105,200+ miles now, same plugs and coil packs.

I can't get the boots out at all. The head of the coil pack came off
the boot, and it's pretty well stuck to the plug head. Tried all the suggestions,
and they will not come out. So, I will order new coil packs, or boots,
because I am going to have to carve them out.


----------



## R32PWR (Sep 18, 2006)

PowerslavePA said:


> 105,200+ miles now, same plugs and coil packs.
> 
> I can't get the boots out at all. The head of the coil pack came off
> the boot, and it's pretty well stuck to the plug head. Tried all the suggestions,
> ...


There is a small hole in the top of the coil boot that you can blow some compressed air into to to pop the boosts out.

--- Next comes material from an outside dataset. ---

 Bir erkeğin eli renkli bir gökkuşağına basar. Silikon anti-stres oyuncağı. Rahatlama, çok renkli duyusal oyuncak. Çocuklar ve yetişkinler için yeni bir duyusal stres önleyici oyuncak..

They are always in super tight.


----------



## PowerslavePA (Dec 9, 2014)

Yeah, I saw that hole when the coil head came off the boot... I read about
the compressed air thing too, but I don't have anything to give that a shot..

Will try and find something to do it with...


----------



## suburbandoom (Feb 18, 2015)

Heat. Beer. Pull. They'll stretch, but who cares...you're replacing them.


----------



## danman132x (May 7, 2010)

This thread got me thinking, do you have to change the ignition coils along with the spark plugs? Or is that more of a thing people are doing for piece of mind.

I'm coming up to my first change at 60k and was wondering what the general consensus is.


----------



## DasCC (Feb 24, 2009)

danman132x said:


> This thread got me thinking, do you have to change the ignition coils along with the spark plugs? Or is that more of a thing people are doing for piece of mind.
> 
> I'm coming up to my first change at 60k and was wondering what the general consensus is.



that's not required. I used to keep a spare one handy when my cars were high mileage tho.


----------



## giantsnation (Dec 15, 2014)

danman132x said:


> This thread got me thinking, do you have to change the ignition coils along with the spark plugs? Or is that more of a thing people are doing for piece of mind.
> 
> I'm coming up to my first change at 60k and was wondering what the general consensus is.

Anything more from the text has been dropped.